Pour son deuxième IMOCA neuf mis à l'eau le 24 juin 2023, le skipper Charlie Dalin, 2ème du dernier Vendée Globe, a pu s'appuyer sur l'expérience de son précédent bateau, comme il nous l'a expliqué lors d'une visite, quelques jours avant la sortie de chantier : "L'objectif était de garder les points forts d'Apivia et de gommer les faiblesses, principalement le portant dans la mer formée. Quant à l'ergonomie, tout a été réfléchi et testé sur une maquette à l'échelle une en contreplaqué, jusqu'à la forme de la marche de descente que l'on a refaite plusieurs fois."

Lorsqu'on l'interroge sur l'influence des choix des IMOCA neufs mis à l'eau depuis le dernier Vendée Globe, il rappelle le temps nécessaire à la conception d'un bateau : "Cela représente 60 000 heures de travail et 50 personnes. La conception a débuté à l'automne 2021 et l'usinage des premières pièces en mars 2022. Par exemple, le choix de mettre la zone de vie à l'arrière du cockpit avait été pris avant que l'on constate, à sa mise à l'eau, que Malizia avait fait le même choix."

Une carène pour la mer formée

Lorsque l'on découvre la coque du nouvel IMOCA Macif, on peut distinguer un certain nombre de différences avec Apivia, toutes tournées vers la performance, notamment dans la mer formée. Les volumes de carène ont été avancés, avec une étrave plus imposante et un arrière légèrement plus étroit. Un tulipage des formes avant limite la surface mouillée, tout en dégageant les projections d'eau. Une virure ou redan, à mi-hauteur, court sur les deux tiers avant du bateau, et dégage, là aussi, l'eau, comme sur les coques de bateaux à moteur, qui atteignent aujourd'hui des vitesses comparables. Le franc-bord est plus important, comme imposé par la jauge.

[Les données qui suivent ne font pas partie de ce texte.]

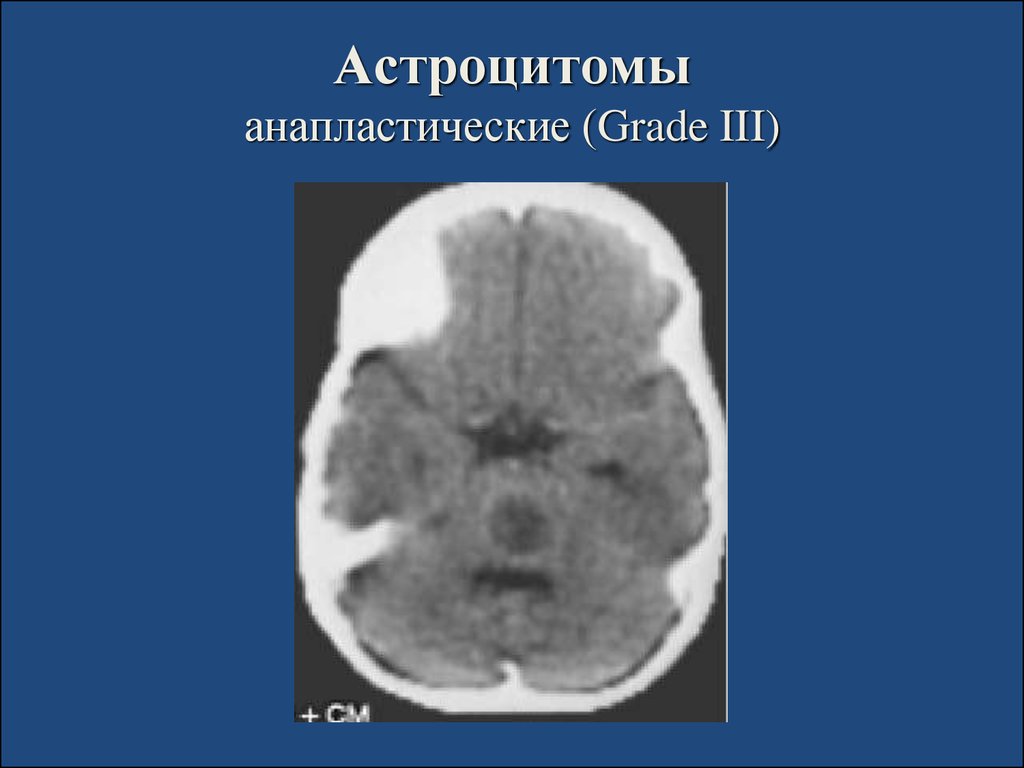 Астроцитома головного мозга прогноз. Анапластическая астроцитома Grade 3 головного мозга. Анапластическая астроцитома мозжечка кт. Анапластическая злокачественная астроцитома гистология. Анапластическая астроцитома мрт.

Charlie Dalin ajoute néanmoins : "Le franc-bord plus important était déjà dans notre intention pour mieux gérer la mer formée. Nous avons passé la nouvelle carène en bassin numérique virtuel avec des vagues et lorsque l'on compare avec celle d'Apivia, on diminue la traînée de 10 à 12 % lorsqu'elle est à son pic et que l'on bute dans une vague."

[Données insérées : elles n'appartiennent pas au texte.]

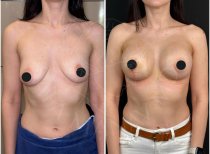 Resultados antes y después de aumento de senos en Dr. Safa Manav Clinic, forma mejorada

Le frégatage à l'avant a également été supprimé pour éviter d'embarquer de l'eau sur le pont à forte vitesse, mais a été conservé plus en arrière pour réduire les poids, à la fois des cloisons et des murailles.

Crédits : Maxime Horlaville - Disobey Macif
Crédits : Maxime Horlaville - Disobey Macif

Structure et aérodynamisme du pont

Contrairement à la majorité des nouveaux IMOCA mis à l'eau, Macif conserve un pont creux à l'avant, un choix que Charlie Dalin justifie structurellement : "La bosse est un peu plus sur le côté. Nous avons fait des calculs éléments finis qui montrent que les efforts circulent mieux."

Le roof, bas, est prolongé par un carénage en avant du mât. Celui-ci apporte à la fois un avantage aérodynamique et de volume pour les tests de stabilité du bateau. La circulation sur le pont reste proche de l'ancien bateau, même si l'accès à l'intérieur est plus avancé.

La bassine arrière, rehaussée, facilitera la manutention des voiles en solitaire, en se dispensant de l'usage d'une drisse pour les lever.

Un espace de vie et de manœuvre condensé et ventilé

L'autre évolution majeure par rapport à Apivia est l'inversion de la zone de vie et du cockpit de manœuvre. Celui-ci se position proche du pied de mât, tandis que l'espace de vie est en arrière. On accède au cockpit par 2 marches et deux panneaux avec de multiples stades d'ouverture. Charlie Dalin explique : "Lorsqu'il faisait chaud, on avait le choix entre être mouillé par la transpiration ou par l'eau qui rentrait si on laissait le panneau ouvert. On a donc ajouté une petite trappe de ventilation sur la face arrière et la possibilité d'ouvrir en protégeant la descente."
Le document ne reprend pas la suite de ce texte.